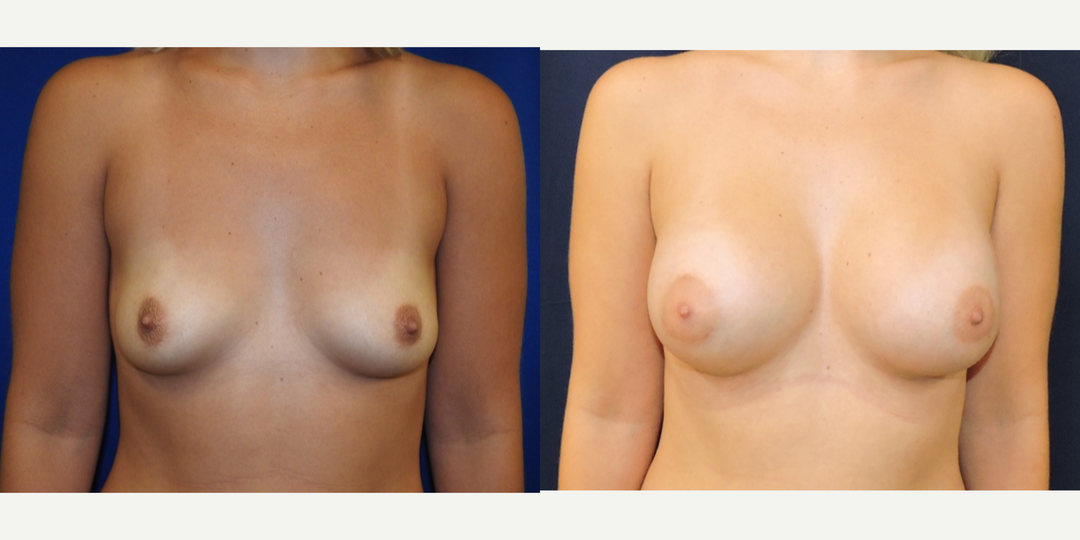 Breast Augmentation procedure image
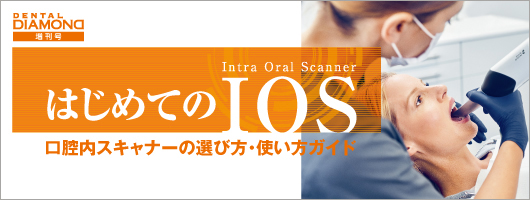 はじめてのIOS 口腔内スキャナーの選び方・使い方ガイド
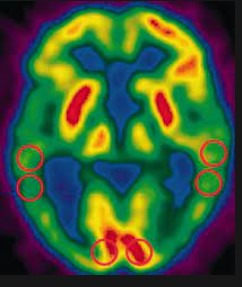 JAMA子刊：临床前老年痴呆患者的皮质PET<font color="red">成像</font>模式的差异性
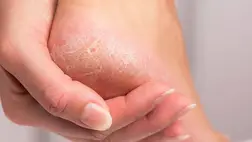 Eltűnik a bőrkeményedés és a tyúkszem, babapuha lesz a bőr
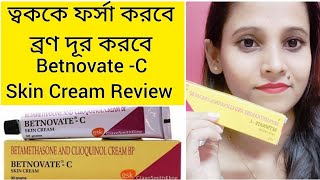 Betnovate c creamBetnovate c cream review in banglaHow to use betnovate c creamUsesside effects [upl. by Hailahk]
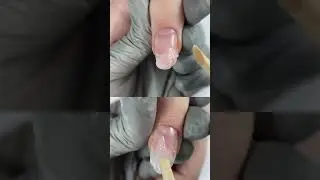 Nail Rebalancing using Acrygel  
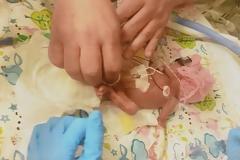 Το θαύμα της ζωής: Μωρό γεννήθηκε 623 γραμμάρια, έκανε 11 λεπτά να αναπνεύσει και επέζησε!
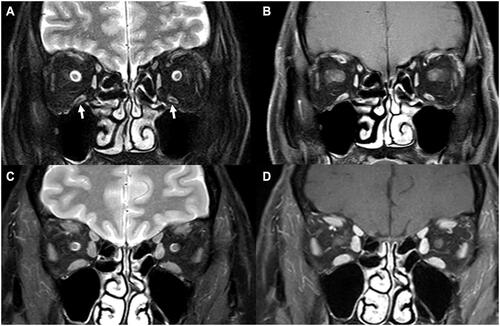 Figure 3 (A) Coronal T2-weighted orbital magnetic resonance imaging with fat suppression (T2W/FS) and (B) coronal CE-T1W/FS in a 49-year-old woman with myasthenia gravis for 10 years, showing bilateral extraocular muscle (EOM) atrophy and isointensity with central hypointensity of bilateral inferior rectus muscles (arrow); (C) Coronal T2W/FS and (D) coronal CE-T1W/FS in a control participant, showing normal EOM size and isointense muscles.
--------------------------------------------------
__Problem description__.
Verbatim copy, pictures excluded: output the lines from the first line of the records above through the line containing "Το θαύμα της".

__Problem solution__.
 Breast Augmentation procedure image
 はじめてのIOS 口腔内スキャナーの選び方・使い方ガイド
 JAMA子刊：临床前老年痴呆患者的皮质PET<font color="red">成像</font>模式的差异性
 Eltűnik a bőrkeményedés és a tyúkszem, babapuha lesz a bőr
 Betnovate c creamBetnovate c cream review in banglaHow to use betnovate c creamUsesside effects [upl. by Hailahk]
 Nail Rebalancing using Acrygel  
 Το θαύμα της ζωής: Μωρό γεννήθηκε 623 γραμμάρια, έκανε 11 λεπτά να αναπνεύσει και επέζησε!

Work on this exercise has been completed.